Saugroboter - Saugst du noch oder hast du schon Feierabend?

Wie toll wäre es, wenn du nach der Arbeit nach Hause kommst und nicht erst noch fegen und saugen musst, bevor du wohlverdient die Füße hochlegen kannst? Oder kündigt sich spontan Besuch an, aber es ist keine Zeit mehr um die Haushaltsaufgaben rechtzeitig zu erledigen? Mit einem Staubsauger Roboter ist das kein utopisches Szenario mehr. Einfach per App dem praktischen Helfer das Signal zum Saugen geben und auf eine saubere Wohnung freuen.

Aber welcher Staubsauger Roboter ist eigentlich gut, welcher passt zu dir und worauf musst du achten? Wir klären diese Fragen und geben dir allerhand Tipps mit an die Hand, um genau den richtigen Saugroboter zu kaufen.

Die besten Saugroboter im Vergleich

Saugen, Fegen, Wischen - Was der Staubsauger Roboter alles kann

Staubsaugerroboter fährt unter ein SofaEin Saugroboter kann dir bei manchen Aufgaben im Haushalt behilflich sein. Ganz autonom bewegt sich das Gerät über den Boden und saugt alles auf, was ihm im Weg liegt. So musst du nicht mehr jeden Tag selbst den Staubsauger in die Hand nehmen. Wer möchte, kann auch einen Roboter mit Wischfunktion einsetzen, wie den Ecovacs Deebot Slim und sich zudem noch den Bodenwischer sparen.
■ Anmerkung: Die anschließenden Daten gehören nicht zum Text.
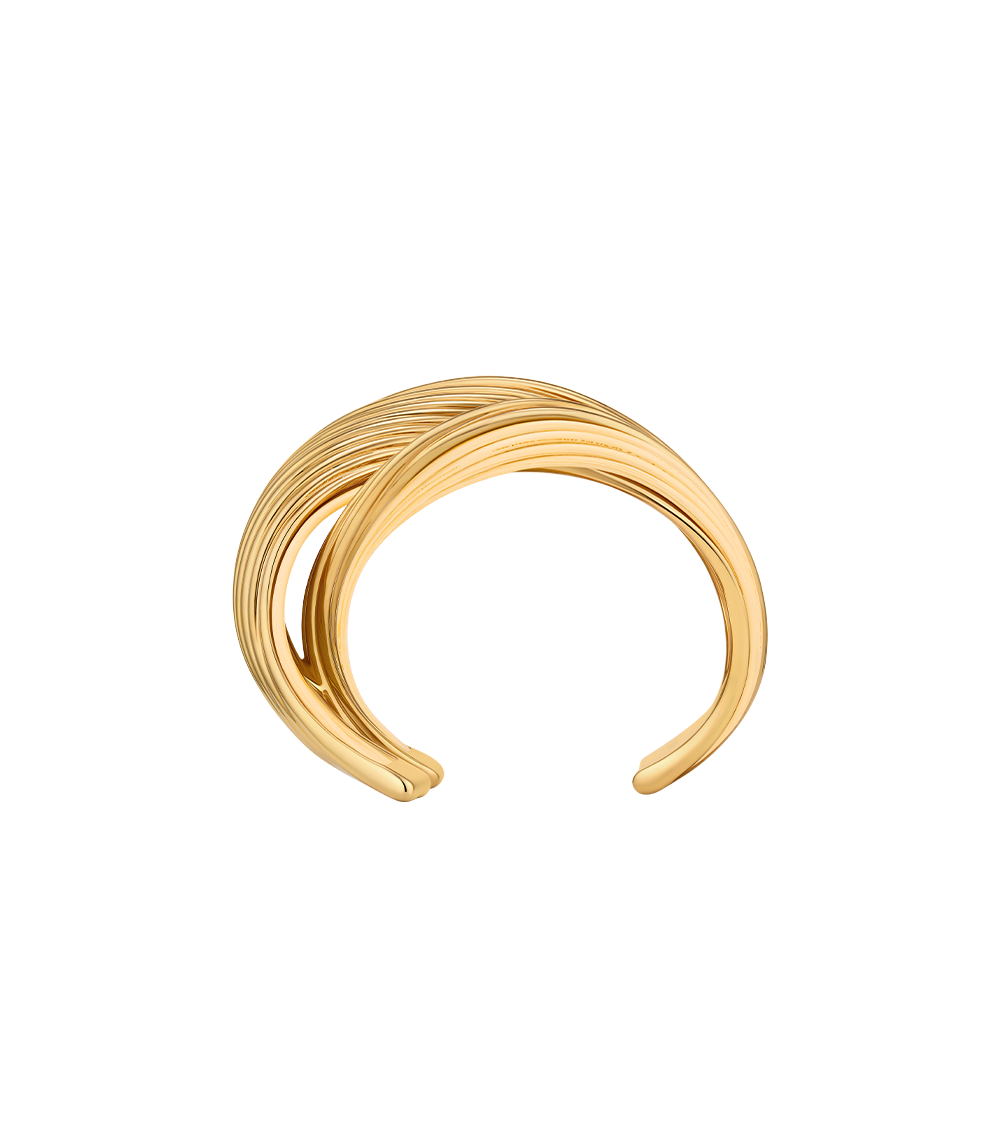 Rozo Cuff - Rattan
Da ein Kabel für den Roboter nur hinderlich wäre, gesellt sich er sich zu den Akkustaubsaugern. Aufgeladen wird der Akku in einer speziell passenden Ladestation, in die der Saugroboter nach getaner Arbeit selbständig fährt. In der Regel halten die kleinen Roboter 80-120 Minuten durch, bevor sie wieder “schlafen” müssen.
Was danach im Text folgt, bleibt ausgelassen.